Criticism is building concerning UCL’s bid to potentially create a new campus in Newham, East London.
Director of UCL Estates, Andrew Grainger, commented upon the promise of the project: “The scale of the site we are looking at – over 20 acres – in central London terms is incredible. And the fact that it will be adjacent to the Olympic Park is a significant attraction. The government has invested hugely in the area, and the Olympic Park will be fabulous.”
The plans have been met with concern from members of UCL staff, however, and have provoked debate elsewhere in the media. Academics have expressed fear that the second campus will lower UCL’s reputation as an institution as it will cause a breakdown in communication between researchers, staff and departments as a whole, and entry grade requirements may be lowered.
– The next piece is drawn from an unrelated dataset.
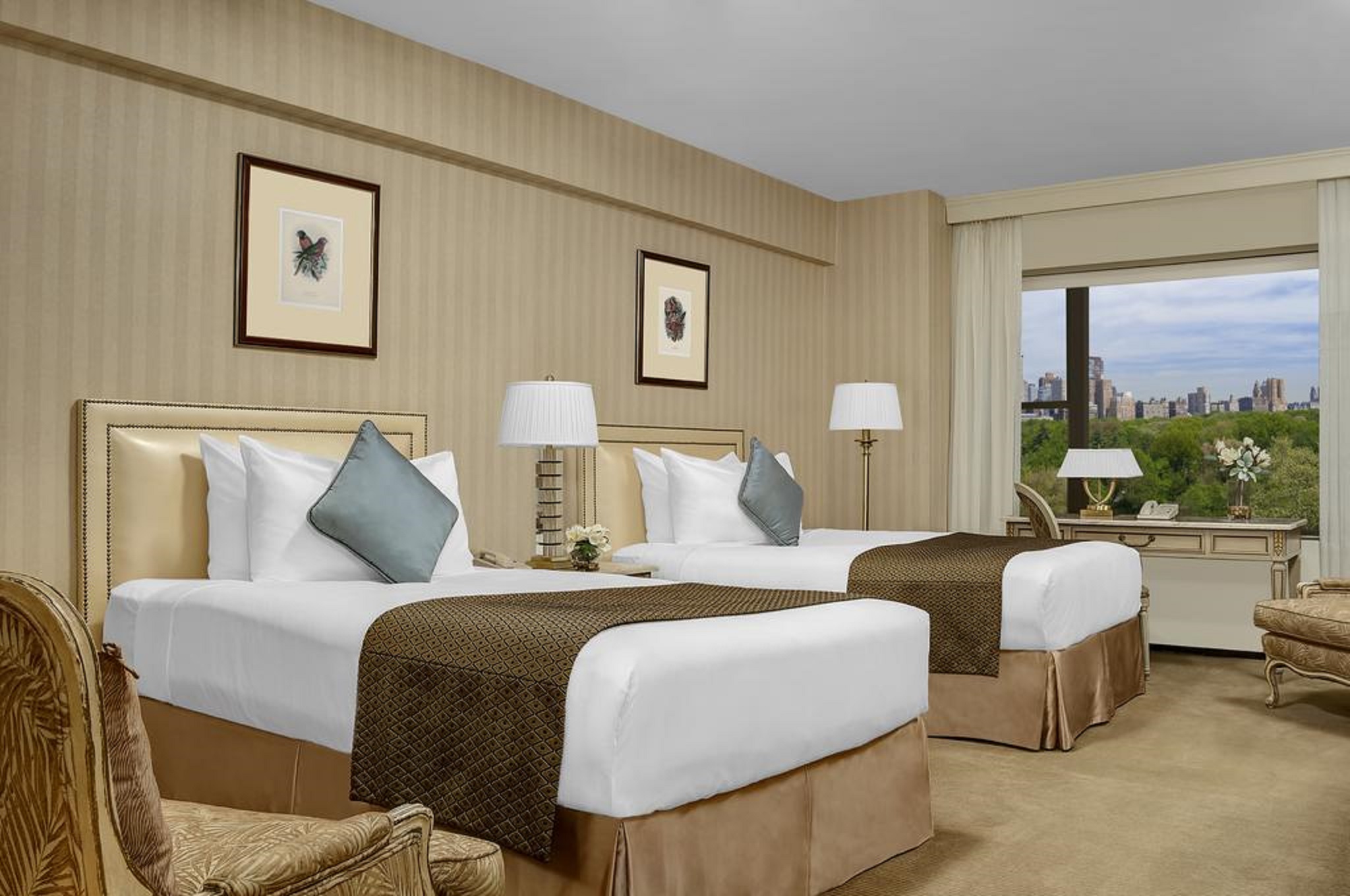 Double City View Two Double Beds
Simon Renton, Vice-President of the University and College Union and lecturer in the UCL History department, explained: “Having everything concentrated close together has a whole number of advantages, such as encouraging communication between people in different disciplines. Geography means students and staff are more in touch with each other, so in that respect moves away from Bloomsbury are generally not something people are very keen on.”
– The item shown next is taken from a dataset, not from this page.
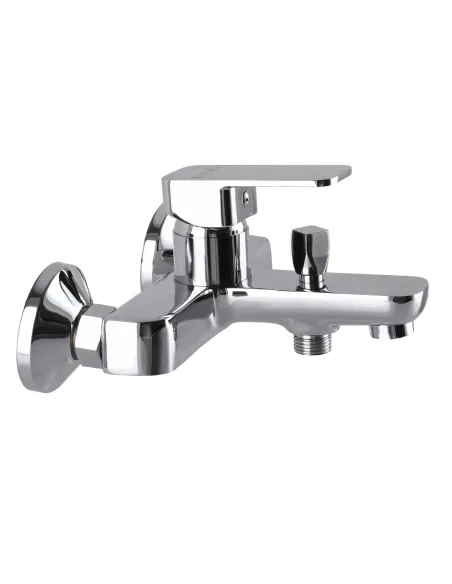 Смеситель для ванны с душем Globus Lux Milano GLM-102 CHROM короткий - 2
Peter Scott, Professor of higher education at the Institute of Education, also remarked upon potential difficulties in replicating the UCL brand given its current association with Bloomsbury: “All universities have their own habitats; they are ‘places’. That atmosphere and ethos are not always easy to reproduce.”
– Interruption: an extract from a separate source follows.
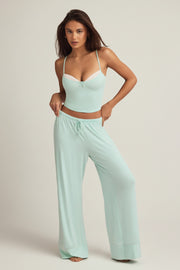 Oh Polly Ivelle 14332 Pantalon Pyjama Menthe Large Modal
The debate has also gained attention from Malcolm Gillies, Chair of London Higher: “London has a more vibrant demographic than many other parts of Britain, so it is not unusual that people would look to come there – particularly if they have a good-quality educational product – to secure student numbers.” He also warned, however, that the two campuses could create fierce competition for staff at the expense of students’ education.
The principle of UCL’s operating in different spaces across London has been defended by Grainger, however, as an increasingly popular practice that has been successfully implemented by several other global institutions.
The Bloomsbury Masterplan was first announced in November, and contained details of expansion plans and the management of UCL’s Estate. It also revealed a £500m development strategy for a site in Newham next to the Olympic park, as a second campus for the university.
The Masterplan was put together following the publishing of the ‘White Paper’ in September 2011, in which UCL Provost Prof Malcolm Grant discussed UCL’s need to expand beyond the current Bloomsbury campus as part of a potential 10-year development plan. He stated: “Not all activity currently based in central London requires such a location, nor is it possible for much of it to expand in its existing space”.
The new campus would feature state-of-the-art buildings and facilities for subjects such as engineering, which would benefit from a more modern campus, as well as housing for both students and staff. The new accommodation would also be more affordable compared to what is currently on offer in central London.
The space that could be utilised is another advantage—at 23 acres, the site would provide UCL with expansion potential that would be otherwise impossible in central London. The proximity of the new campus to the Olympic Park would also allow UCL to be part of the Olympic legacy, and create connections with other growing enterprises in East London.
Birkbeck College will also be opening in Stratford in Autumn 2013, with a new campus that will be entitled ‘University Square’ in a joint venture with the University of East London.